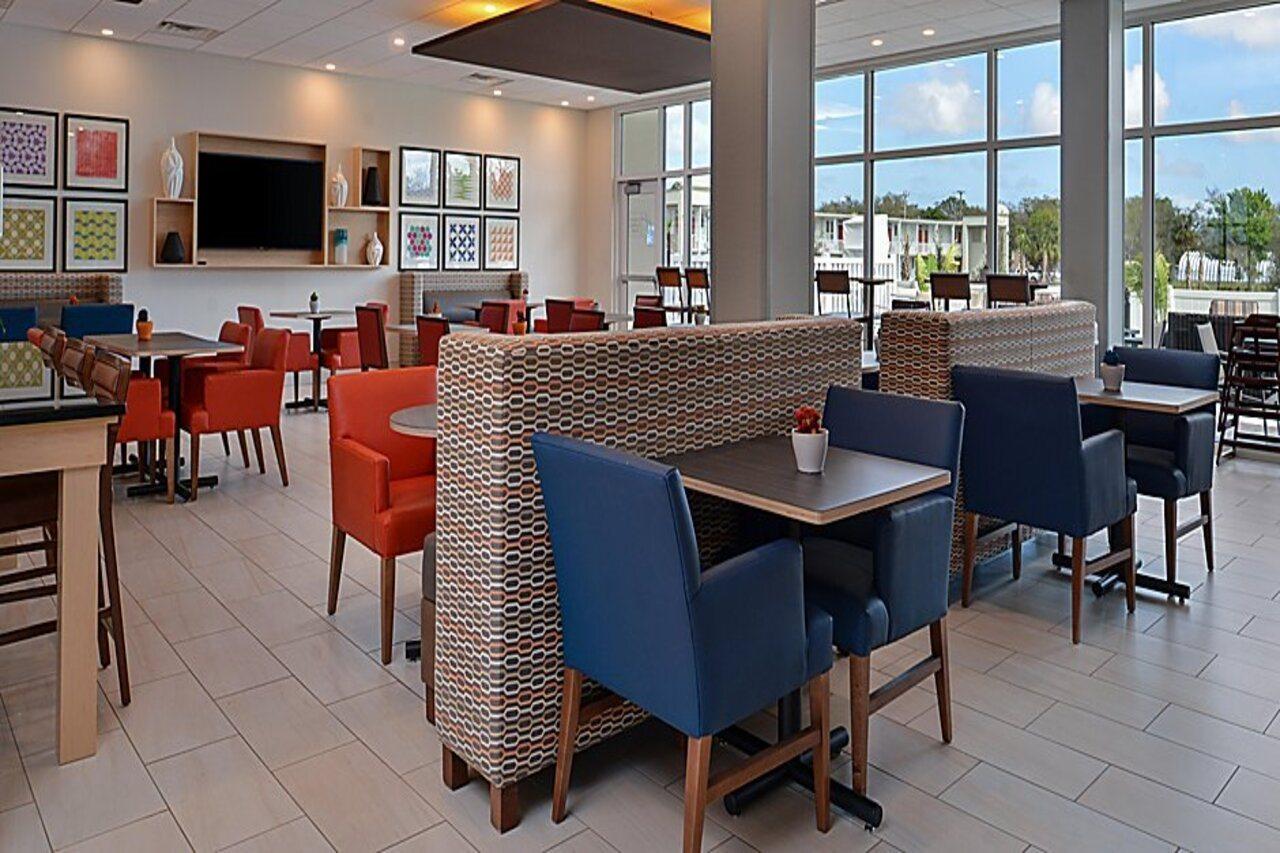 Holiday Inn Express Melbourne West By Ihg West Melbourne Buitenkant foto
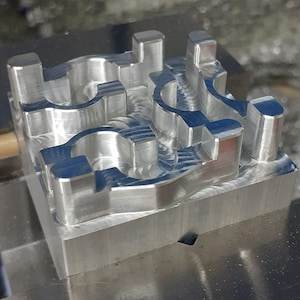 Custom CNC parts, CNC aluminum components, 3D printer parts, and 3D print service. European based.
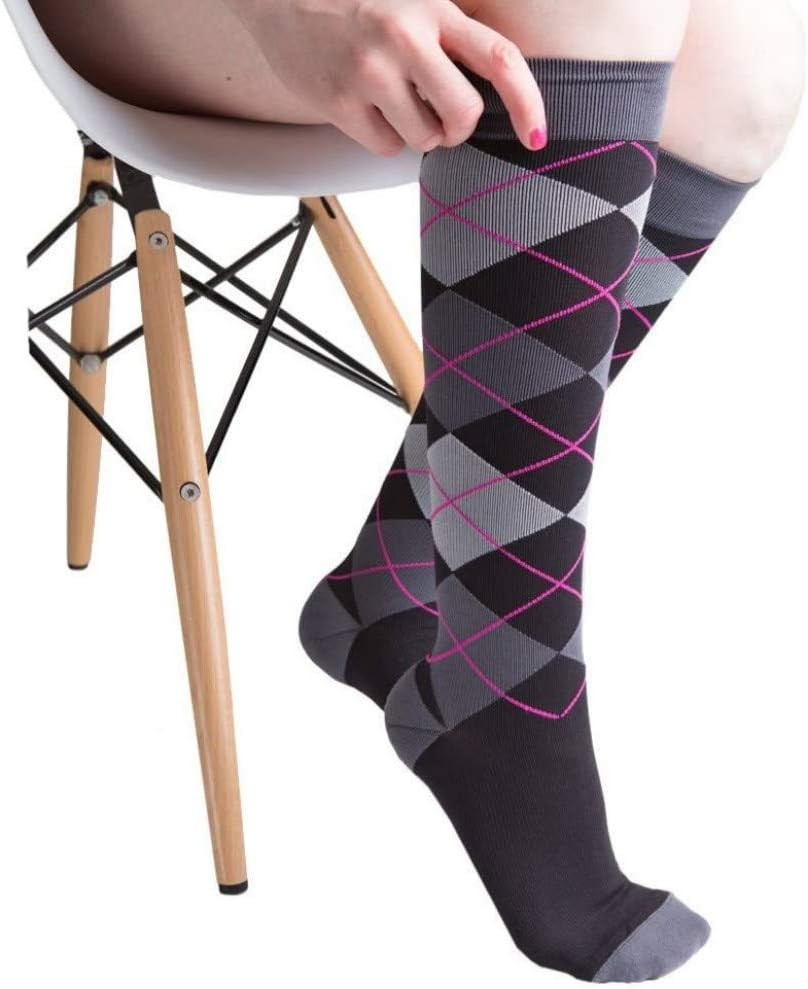 VenaCouture Womens 15-20mmHg Compression, Bold Argyle Pattern (Size: B) Rebel On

+ + +

**Exercise directions:** Write out exactly the lines from the one that contains "Custom CNC parts, CNC" through the last line of the data above, both included. Leave every picture out.

**Solution to this problem:**
 Custom CNC parts, CNC aluminum components, 3D printer parts, and 3D print service. European based.
 VenaCouture Womens 15-20mmHg Compression, Bold Argyle Pattern (Size: B) Rebel On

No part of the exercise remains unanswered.